Aside from this idiosyncrasy, one chapter of the text employs an experimental structure, placing two narratives in juxtaposition and — for this reader at least — causing a good deal of head-scratching. When finally decoded, it was admittedly rather satisfying.
THE RISK OF WRITING
In the character of Fung, we have another enigma. Based on her current career as a real estate agent — a pastime that lends itself to her pursuit of Wu — we might surmise that she is a cut above the assorted dilettante of a Bay Area literary society, headed by the indefatigable Mrs. Hu.
As revealed through an affixed passage from a collection of her short stories on the topic, she was a Kaohsiung native who ended up teaching schoolchildren in Nanjing during the early years of the Cultural Revolution.
Quite how this came to pass is unexplained; one wonders whether Lu, a San Franciscan of Taiwanese heritage, has come across a similar story. Given the need to travel to China, at considerable risk, through third countries, there cannot have been many such cases.
Tasked by the father/manuscript author with producing a book on the circumstances of Uncle Rafael’s death, she embodies the blurred lines of literary fiction. In a lengthy passage from her short story collection, she recalls on the risks of writing during Mao’s crackdown on bourgeois elements.
Writing, she writes, “was action, decisive and irrevocable.” It was more dangerous because “[f]or one thing, unlike in the West, traditional Chinese culture does not associate writing with sophistry, but something like its opposite; for another, it does not harbor the illusion that fiction is somehow not the truth.”
MOVEMENT AND STASIS
In the tradition of such literary luminaries Solzhenitsyn and Genet who committed their works line by line to memory while imprisoned, Fung kept pieces of her story “suspended in my mind for years” before putting them down in exile. “Some pieces that has been superimposed in my mind all that time became set in what felt like an arbitrary sequence and fixed that way forever.”
Having arrived in the US, she found a stark, paradoxical contrast: “Here one must keep moving all the time. This suits me better personally, but writing here is stasis.”
Asked about this idea in an interview with Shawna Yang Ryan, a fellow Taiwanese American (and Californian) novelist, Alvin Lu explains answers with an observation about Mrs.

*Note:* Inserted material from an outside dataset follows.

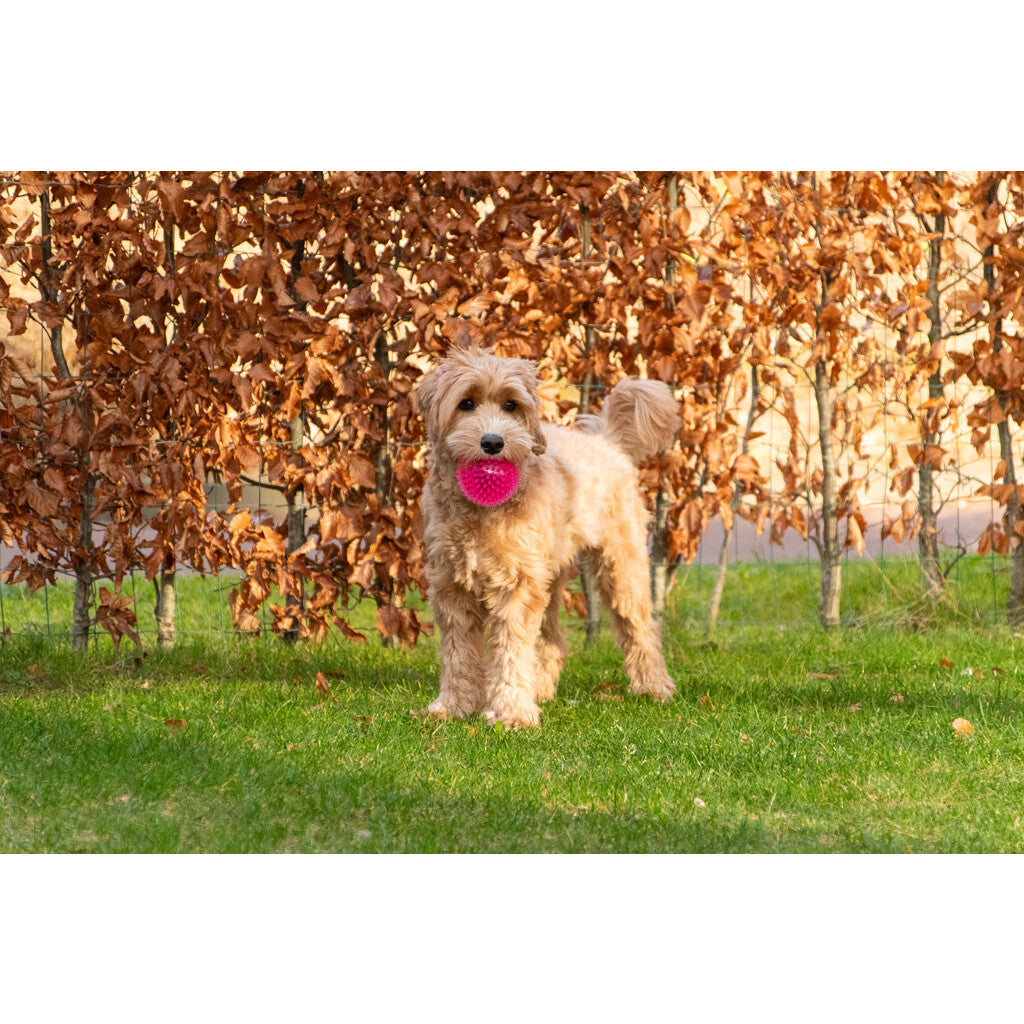 Dog Comets Exoplanet Piggball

Hu’s emigre literati, who he says are unwittingly humorous in the solemnity of their endeavors.
“Which is exactly right: the whole enterprise is pathetic, they aren’t producing anything of value as far as we can tell, but it is all they have,” he says. “And they have something back of them, which is the knowledge that all this had value somewhere else, even if that place doesn’t exist anymore.”
Perhaps the most interesting is Yang’s feeling that, through the novel’s “multiple levels of translation,” Lu manages to convey “clarity of language, but also a sort of peripheral haziness, as if the reader knows there could be other ways of seeing.”
This pithy interpretation, which evokes Flaubert’s aphorism that truth is essentially perception, neatly captures the essence of this novel — a work of ideas that, as with so much great art, leaves us with more questions than answers.